Non-Scheduled Banks: There are some financial services offered by certain groups which don’t fall under the RBI Act. They include money-lenders, brokers, native bankers, etc. Non-scheduled banks are usually the Local Area Banks (LAB), which were set up in 1996. However, many are not operational now as they incurred loss or had irregular dealings.
Banking Awareness: Banking Business
Banking business can be classified into the following categories:
Retail Banking Business – This form of banking is the most common type of business in the banking industry and relates to the common man. It deals with individuals or small businesses, transaction in savings account or deposits. It does not deal with corporations or development plans of industries.
The yearly dealing should not be more than 0.5 billion for the bank. The credit is usually through cash credits or overdrafts. Retail banking includes credit cards, demat accounts, personal loans, educational loans, house loans, term deposits, and mortgages. One such unit should not be more than 0.2 percent of the bank’s portfolio. The banks, which are extensively into retail banking business includes ICICI, SBI, HSBC, etc. Most of these banks survive in this business because they provide cheaper and useful loans.
Wholesale Banking – Quite opposite to retail banking, wholesale or corporate banking deals with large corporate, government-owned organizations or groups, pension funds, or corporations. It includes loan transaction between two banks in the inter-bank market as well. The services offered in this business include maintaining trusts and cash management. It also deals with leasing a large corporate or government asset and merchant banking.
Wholesale banking is further classified into mid-corporate wholesale banking and large corporate wholesale banking. Often, the projects are off-balance sheet businesses where hedging is a common phenomenon. The clientele matter the most as many businesses generate through clients. It is common in this type of business to deal with working capital of a company, leasing or project funds, and more. Some important banks which have tapped a good percentage in the market are SBI, Bank of Baroda, IDBI bank, and Central Bank of India.
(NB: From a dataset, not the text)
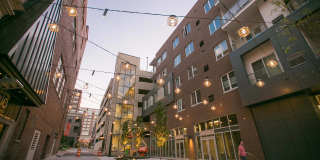 The Standard Gallery 6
Treasury Operations – This form of business is done by the banks in the dept market. However, the RBI takes up a leading role in its activities. Some common activities include trading in mutual funds and equity market, forex trading, and derivatives. The banks conduct cross-currency swaps, Forex Inter Bank Borrowings, Forward Rate Arrangements (FRA), and so on. The business also deals with high frequency trading (HFT), and other forms of treasury operations.
Miscellaneous Banking Businesses
The other banking businesses offered by banks apart from the aforesaid businesses, include leasing businesses, and merchant banking. With online banking and technologies making a foray into the banking business, banks are no longer meant for safe-keeping of deposits.